◆ DIRECTIONS
Only the lines below from the one that contains "Food & Beverage Steward - Hindi FBH002" through the one that contains "Garden Prizma Rooms&Aparts" should appear in your answer, exact and without pictures.

◆ DATA PROVIDED
--------------------------------------------------

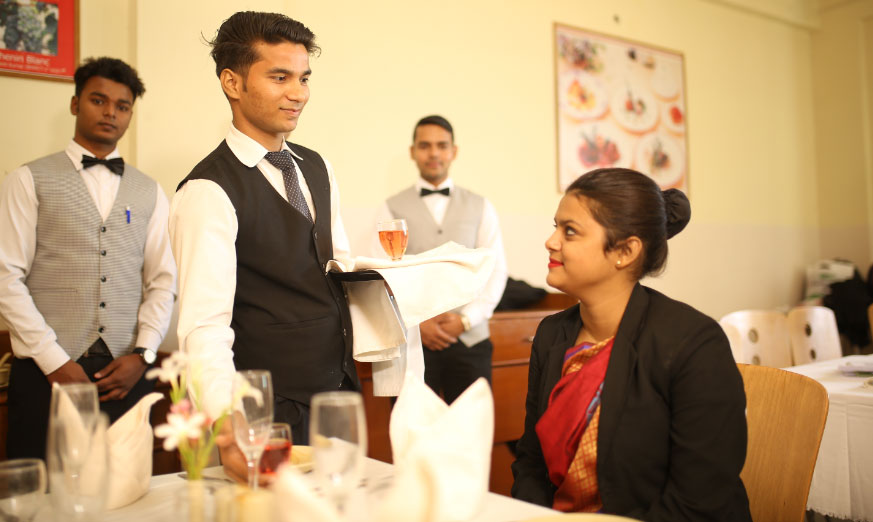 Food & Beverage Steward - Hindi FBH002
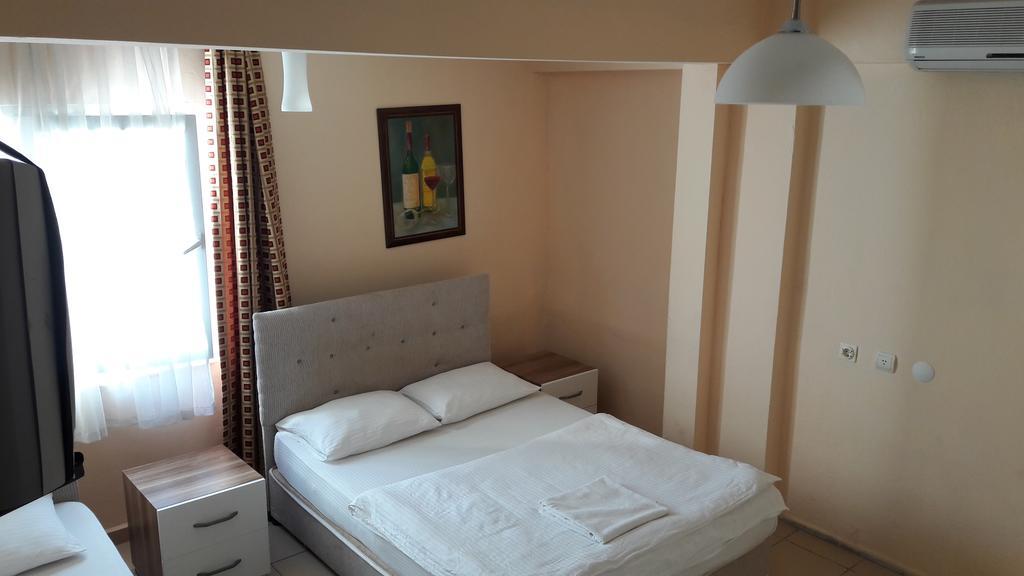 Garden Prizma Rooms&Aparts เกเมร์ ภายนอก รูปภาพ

--------------------------------------------------

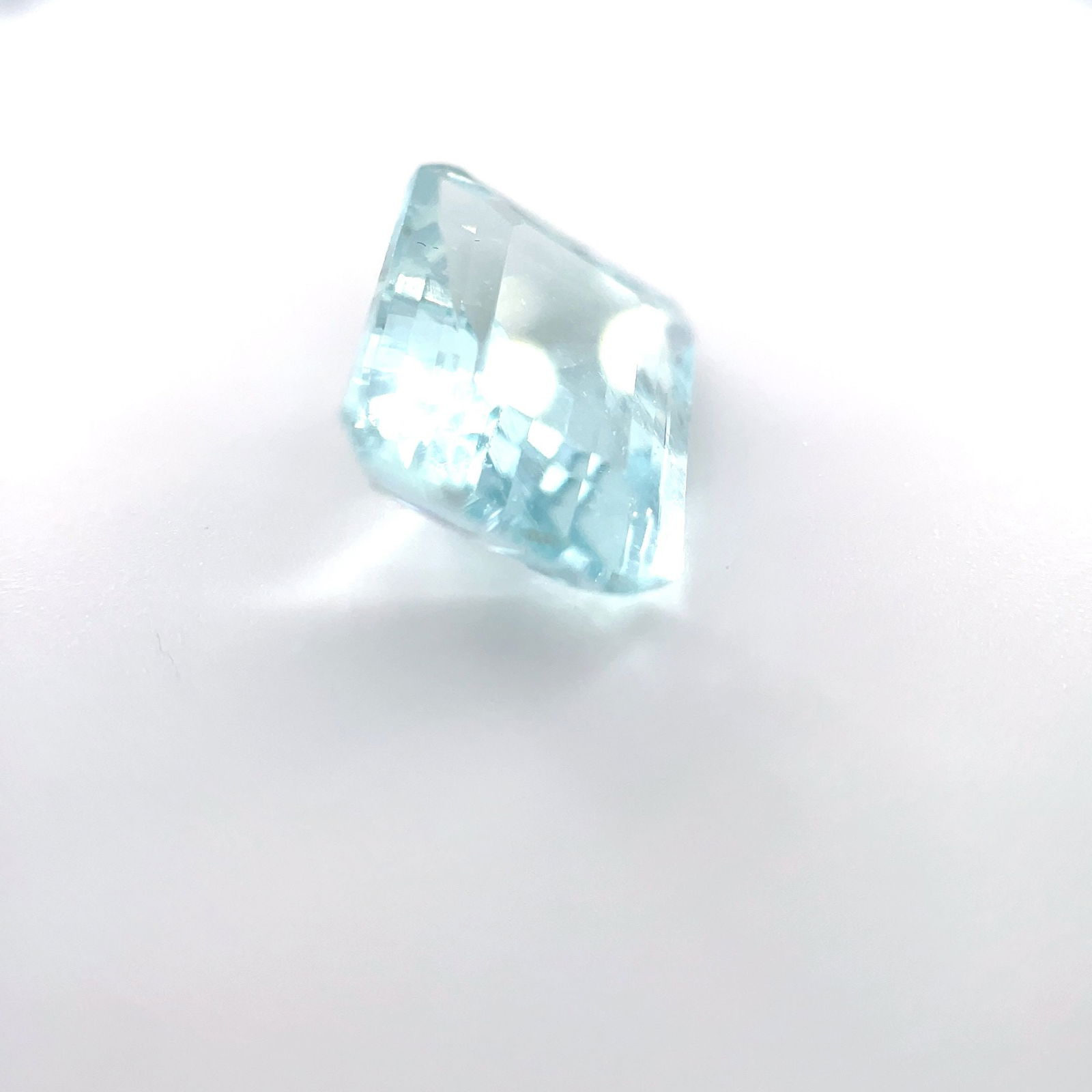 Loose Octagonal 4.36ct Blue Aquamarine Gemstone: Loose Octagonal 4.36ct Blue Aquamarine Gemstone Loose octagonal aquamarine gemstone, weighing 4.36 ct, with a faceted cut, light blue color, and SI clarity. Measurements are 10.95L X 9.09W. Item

--------------------------------------------------

◆ TASK RESULT
 Food & Beverage Steward - Hindi FBH002
 Garden Prizma Rooms&Aparts เกเมร์ ภายนอก รูปภาพ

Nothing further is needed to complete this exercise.